Architecture – How to Avoid Network Bottlenecks in Microservice Systems

Architecturemicroservicesserver

I've been reading a lot about microservice architectures for server applications, and have been wondering how the internal network usage is not a bottleneck or a significant disadvantage compared to a monolith architecture.

For the sake of precision, here are my interpretations of the two terms:

  1. Monolith architecture: One application in a single language that handles all of the functionality, data, etc. A load balancer distributes requests from the end user across multiple machines, each running one instance of our application.

  2. Microservice architecture: Many applications (microservices) handling a small portion of the functionality and data. Each microservice exposes a common API that is accessed through the network (as opposed to inter-process communication or shared memory on the same machine). API calls are stiched mostly on the server to produce a page, although perhaps some of this work is done by the client querying individual microservices.

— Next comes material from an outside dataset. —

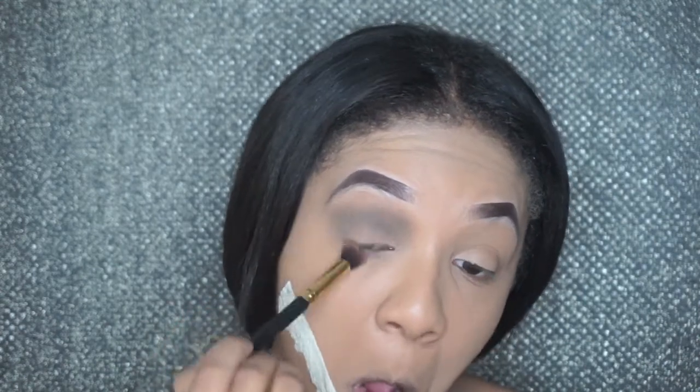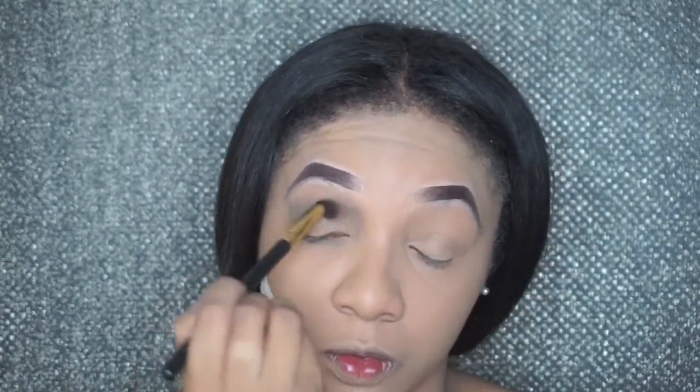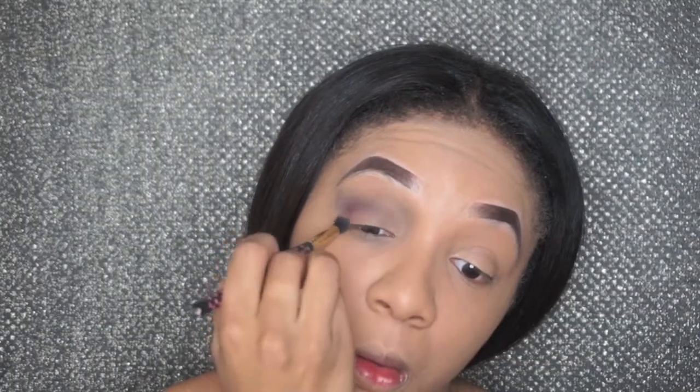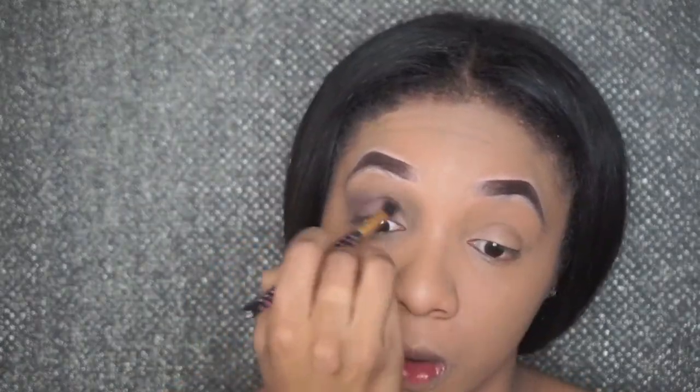I'm gonna go into the BH Cosmetics palette — I'm not sure which one this is but I use it a lot. I'm gonna use a black color and go into my crease and basically go at the bottom of my eyes to give myself a black eye effect and some more definition. Then I'm going back into that palette to use a red color, and a purple color as well, to give myself that bruised eye look.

To my naive imagination, it seems like a microservices architecture uses slow network traffic as opposed to faster resources on the same machine (the memory and the disk). How does one ensure that API querying through the internal network will not slow down the overall response time?

Best Answer

Internal networks often use 1 Gbps connections, or faster. Optical fiber connections or bonding allow much higher bandwidths between the servers. Now imagine the average size of a JSON response from an API. How much of such responses can be transmitted over a 1 Gbps connection in one second?

Let's actually do the math. 1 Gbps is 131 072 KB per second. If an average JSON response is 5 KB (which is quite a lot!), you can send 26 214 responses per second through the wire with just with one pair of machines. Not so bad, isn't it?

This is why network connection is usually not the bottleneck.

Another aspect of microservices is that you can scale easily. Imagine two servers, one hosting the API, another one consuming it. If ever the connection becomes the bottleneck, just add two other servers and you can double the performance.

This is when our earlier 26 214 responses per second becomes too small for the scale of the app. You add other nine pairs, and you are now able to serve 262 140 responses.

But let's get back to our pair of servers and do some comparisons.

  • If an average non-cached query to a database takes 10 ms., you're limited to 100 queries per second. 100 queries. 26 214 responses. Achieving the speed of 26 214 responses per second requires a great amount of caching and optimization (if the response actually needs to do something useful, like querying a database; "Hello World"-style responses don't qualify).

  • On my computer, right now, DOMContentLoaded for Google's home page happened 394 ms. after the request was sent. That's less than 3 requests per second. For Programmers.SE home page, it happened 603 ms. after the request was sent. That's not even 2 requests per second. By the way, I have a 100 Mbps internet connection and a fast computer: many users will wait longer.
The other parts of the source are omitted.